2001 Hutchinson gas explosions
- Date: January 17–18, 2001
- Location: Hutchinson, Kansas, US;
- Cause: Natural gas leak
- Deaths: 2

= 2001 Hutchinson gas explosions =

2001 gas explosion in Hutchinson, Kansas

On January 17, 2001, natural gas stored underground at the Yaggy storage field nearby Hutchinson, Kansas, leaked into empty brine caverns and salt wells, resulting in two gas explosions in the city of Hutchinson on January 17 and 18.

== Background ==
The city of Hutchinson, Kansas has had a prominent salt mining industry since the 19th century, when salt was discovered in Reno County in 1887. The primary method to extract salt at the time was pumping water into brine wells, and then evaporating it, leading to the creation of various empty and abandoned brine caverns across the city.

The Yaggy storage field, located seven miles northwest of Hutchinson, was developed in the 1980s as an underground propane storage field, with wells drilled into lower parts of the Hutchinson Salt Member. The field was eventually purchased by the Kansas Gas Service (KGas), a subsidiary of Oneok, and repurposed into a natural gas storage field.

== Cause ==
On the morning of January 17, 2001, technicians at the Yaggy storage field noticed a drop in pressure in 16 underground jugs that had been filled with natural gas over the past series of days. KGas traced the drop in pressure to a leak in the S-1 jug since at least January 14. About 143 Mcuft of natural gas had leaked through layers of fractured dolomite into abandoned brine caverns and salt wells, routing them to the surface and into buildings in downtown Hutchinson.

== Timeline ==
The initial explosion occurred at 10:45 am at the Decor Shop, destroying the building, the neighboring Woody's Furniture Store, and damaging 26 others.

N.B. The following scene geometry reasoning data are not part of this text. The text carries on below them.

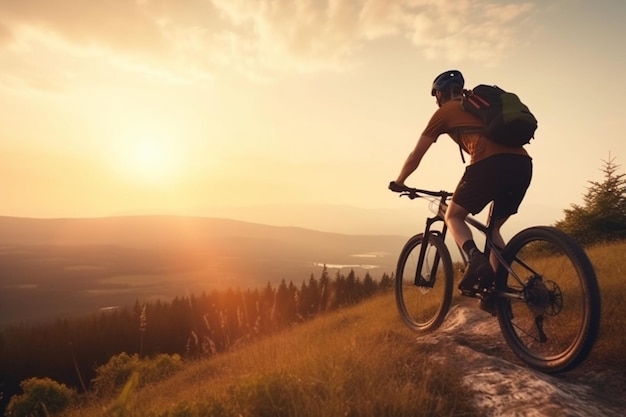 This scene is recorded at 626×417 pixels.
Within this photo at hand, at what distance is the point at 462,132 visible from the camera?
16.3ft

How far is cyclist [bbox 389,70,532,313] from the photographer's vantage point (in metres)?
4.62

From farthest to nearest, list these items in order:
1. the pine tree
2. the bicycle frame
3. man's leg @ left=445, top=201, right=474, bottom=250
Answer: the pine tree < man's leg @ left=445, top=201, right=474, bottom=250 < the bicycle frame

The force of the explosion had blown out windows in nearby buildings, although only minor injuries occurred. A gas fire had ignited at the site of the explosion, of which all attempts to extinguish, including disabling the local gas lines, failed.

By the evening, several sinkholes and geysers of water and gas reaching up to 30 ft formed across the eastern side of the city. A day later, on January 18, another explosion in a trailer at the Big Chief Mobile Home Park critically injured two, John and Mary Ann Hahn, both of whom who later died from their injuries.

== Response ==
Initial response to the explosions, according to Holloway, was unprepared, as firefighters were unaware of the cause of the first explosion and failed to extinguish the resulting fire, with officials initially attempting to turn off the local gas lines to the buildings. The Kansas National Guard was called in to help evacuate parts of the city because of the gas leaks. Evacuations included more than 200 families; 191 homes on the east side of Hutchinson, including the residents of the Big Chief Mobile Home Park, and 43 businesses. Employees were evacuated from Underground Vaults & Storage, a salt mine storage location which housed the original film negative of The Wizard of Oz and various documents.

The Kansas Gas Service mobilized more than 100 workers to check for leaks, and began drilling operations to vent the gas in the brine caverns. 57 venting wells were installed by KGas across the city. Governor Bill Graves directed the Kansas Geological Survey to postpone out-of-state geological research for the US Army and to redirect their resources to assisting evaluations of the gas leaks and explosions.

== Aftermath ==
Several lawsuits were filed against KGas and its parent company, Oneok, one of which reached the Kansas Supreme Court after an appeal from the Reno County District Court, resulting in Oneok being found liable for the incidents but resulted in no damages awarded to the business class plaintiffs, one that resulted in $5 million in damages being awarded to residential class plaintiffs, and another that resulted in an award of $5.25 million to the plaintiffs, an increase from the initial $1.71 million.

An unrelated underground gas leak resulted in the explosion of an auto parts store in Hutchinson on February 22, 2025.